Hello, I am seeing the following exception:
2018-01-25 16:26:35.913 WARN 3152 — [tionScheduler-2] c.c.c.c.endpoint.AbstractGenericHandler : [/127.0.0.1:11210][KeyValueEndpoint]: Got error while consuming KeepAliveResponse.
java.util.concurrent.TimeoutException: null
at rx.internal.operators.OnSubscribeTimeoutTimedWithFallback$TimeoutMainSubscriber.onTimeout(OnSubscribeTimeoutTimedWithFallback.java:166) [rxjava-1.3.4.jar:1.3.4]
at rx.internal.operators.OnSubscribeTimeoutTimedWithFallback$TimeoutMainSubscriber$TimeoutTask.call(OnSubscribeTimeoutTimedWithFallback.java:191) [rxjava-1.3.4.jar:1.3.4]
at rx.internal.schedulers.EventLoopsScheduler$EventLoopWorker$2.call(EventLoopsScheduler.java:189) [rxjava-1.3.4.jar:1.3.4]
at rx.internal.schedulers.ScheduledAction.run(ScheduledAction.java:55) [rxjava-1.3.4.jar:1.3.4]
at java.util.concurrent.Executors$RunnableAdapter.call(Executors.java:511) [na:1.8.0_144]
at java.util.concurrent.FutureTask.run(FutureTask.java:266) [na:1.8.0_144]
at java.util.concurrent.ScheduledThreadPoolExecutor$ScheduledFutureTask.access$201(ScheduledThreadPoolExecutor.java:180) [na:1.8.0_144]
at java.util.concurrent.ScheduledThreadPoolExecutor$ScheduledFutureTask.run(ScheduledThreadPoolExecutor.java:293) [na:1.8.0_144]
at java.util.concurrent.ThreadPoolExecutor.runWorker(ThreadPoolExecutor.java:1149) [na:1.8.0_144]
at java.util.concurrent.ThreadPoolExecutor$Worker.run(ThreadPoolExecutor.java:624) [na:1.8.0_144]
at java.lang.Thread.run(Thread.java:748) [na:1.8.0_144]

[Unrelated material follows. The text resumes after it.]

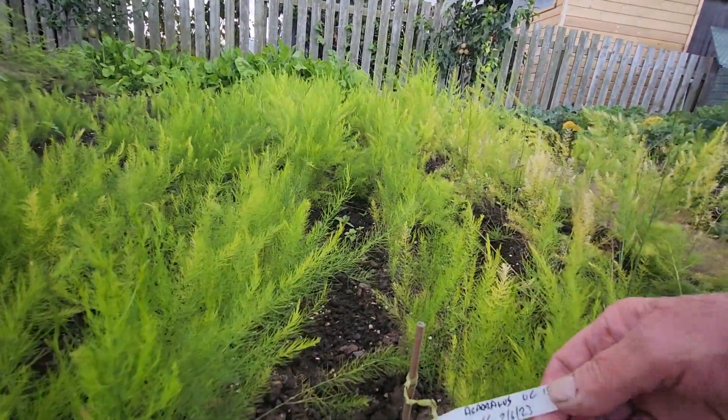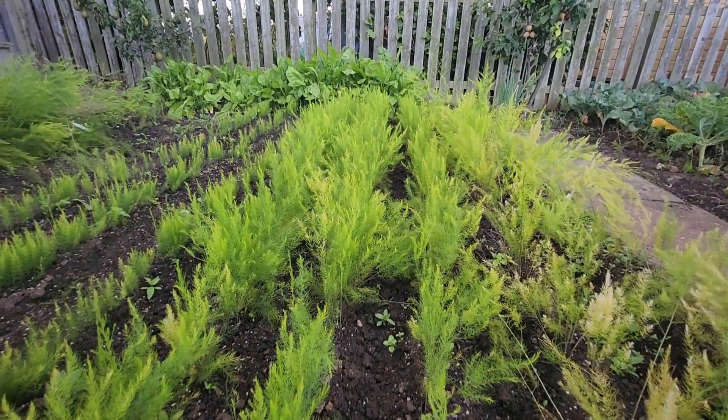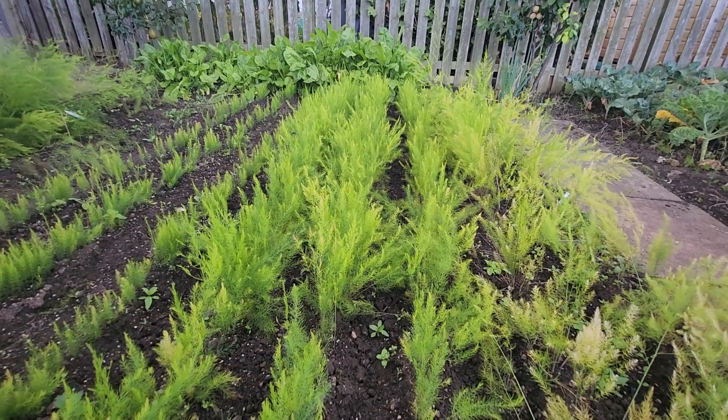Sown on the 2nd of the 6th, 23. Coming up to three months old. Very pretty good.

I think you answered your own question in the subject - how big are your 100,000 document on average? What’s the network throughput to the server? What time-out have you set (or are you using the default)? If you calculate this you can probably estimate how long it takes just to transmit the request, not including the processing on both the client and server.
Most likely you’re hitting the operation timeout sending such a large amount of data. I suggest you either increase the timeout, and/or reduce the batch size.
Note that’s from the SDK’s internal keepalive check. It’s not an actual problem, but rather a symptom of another problem.
My guess here is that you may be first overloading the ringbuffer, getting a backpressure exceptions, but creating more work and causing a lot of JVM memory pressure, which then turns into GC activity.
Had the same issue with 100,000 document in one operation. Try doing 10 batches of 10,000 - this worked for me. You can also try playing with these settings:
Hello, I am having basically the same issue. Is there a way to throttle as needed to avoid these timeouts, rather than just tuning batch size, timeout length, etc.? I can see that couchbaseBucket.async().upsert(docToInsert).retryWhen(…) does not catch these timeouts and apply a delay to retry, so I guess this throttling would have to happen somewhere else?
Also, I assume data is being lost when I see this timeout. However, it’s not obvious to me from the trace where I can catch the timeout exception and resend the data. Can you please clarify the correct way to do that?
If you’re using the async API, unless there is something else that slows the rate at which you add requests, like network IO, you are likely to put too much memory pressure on the system and start to timeout. An asynchronous operation can be thought of as a memory allocation. You can do many of them quickly, and if you don’t wait for some to get through, it may overwhelm the system.
Note that one of the features of Java SDK 3.x is automatic retry of idempotent ops. It also has differentiation in the error handling between things that unambiguously failed and things that may or may not have been processed. Check out some of the documentation and blogs on this.
meta note: it’s much better if you don’t pick up a 3 year old thread with a slightly different question; here you’re asking about async and a timeout exception is rather generic.